Why 3 rather than 2, 4 or 5? I get the concept of “beginning, middle and end” but that sits awkwardly with trilogies because the middle is typically as large as the beginning and end together. So, short of making a 1.5 hour first movie, a 3 hour second movie and a 1.5 hour end movie, using the trilogy format doesn’t work well and results in overly long 1st and 3rd movies and overly short 2nd movies.
The midpoint of a story is often where a dramatic shift happens which would make for a good cliffhanger and would really show where things turned around. So, I’d expect series to be split into 2 or 4 more often than 3.
But that’s not the case. How come trilogies are so common?
In some cases it may simply be tradition. For example, Tolkien’s Lord of the Rings just happened to be published in three volumes, but its success may have given people the idea that “trilogies are cool!”
In some cases it may be somehow related to the Rule of Three (Wikipedia, TVTropes).
And in some cases it may indeed be that the trilogy echoes the “beginning, middle, end” structure of a story, as the OP noted.
Note that there are two kinds of “trilogies”: the kind made up of three separate but somehow related works, and the kind where the three together make up a single story.

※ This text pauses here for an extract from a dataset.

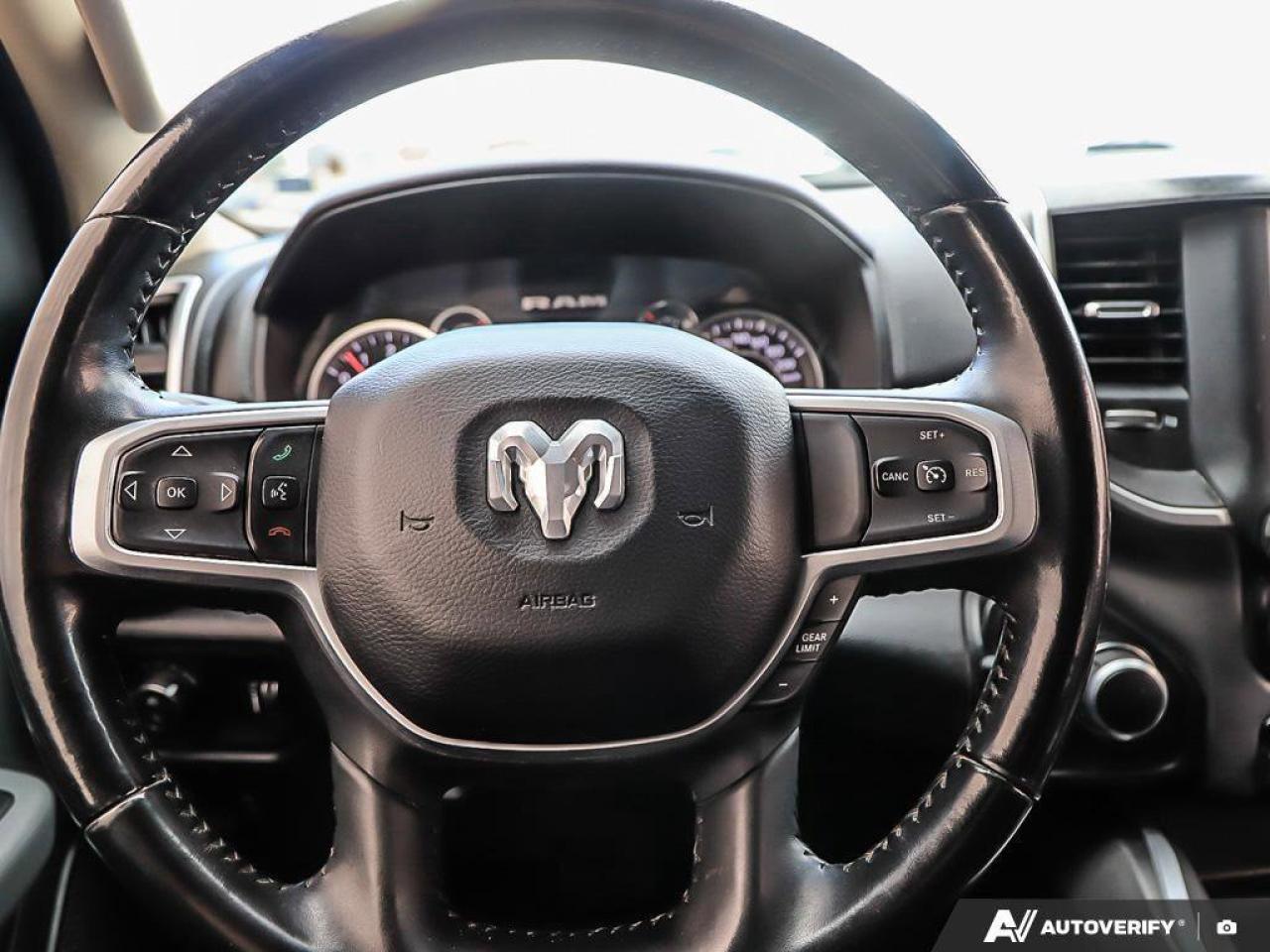 2020 RAM 1500 Big HornBIG HORN, CREW, 4X4, REMOTE START, 1-OWNER Photo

I suspect that most of the popularity of trilogies over the past few decades comes from the original publication of The Lord of the Rings in three volumes, even though it’s actually just one novel. The following is not definite proof of that claim, but it’s interesting evidence. Look at the Google Ngrams for “trilogy”, “book trilogy”, and “trilogy of books”:
“Book trilogy” definitely took off at the point The Lord of the Rings became well known. The same may be true for “trilogy of books”. “Trilogy” has been slowly rising in popularity for quite a while.
Not only is a trilogy a classic three-act structure, with “1- introduction of characters and situation, 2 - put them in a difficult position, and 3 - get them out of it” but each book individually is largely that three act structure also, which in combination creates the best way for capturing a rising tension, hopefully with a satisfying denouement for each, even if there are cliffhangers.
Movie trilogies can do the same thing, though sometimes if a sequel is an afterthought that doesn’t apply organically. An example of it working, though, is arguably the Pirates of the Caribbean movies, or the original Star Wars trilogy.
Isaac Asimov’s three Foundation books were combined in an inexpensive version in 1963 as The Foundation Trilogy. J. R. R. Tolkien’s three books were combined in an inexpensive boxed set edition in 1966, informally referred to as a Trilogy. The 1960s were the first time that f&sf garnered huge sales, public notice, and respectability as paperback releases. Both spawned endless imitators. Trilogies go back to ancient times, but popular culture adopted the trilogy format as a sales enhancer after the 1960s. Wendell Wagner’s ngram charts confirm that, and if you check film trilogy and trilogy of films you get even steeper curves.
What’s ironic is that neither of the two base trilogies were designed as such. As Thudlow Boink said, the Rings are one novel split into three books for publishing ease and cost. Asimov wrote eight Foundation novelettes and they were gathered 3, 3, and 2 for the same reason. Trilogies had to exist and sell in physical form for publishers to see the light. After them, the deluge. Everything was stretched or bent into trilogies whether that was a good idea or not. That’s exactly the same reason why trilogies have turned into series, which are endless and worthless long before the later entries appear.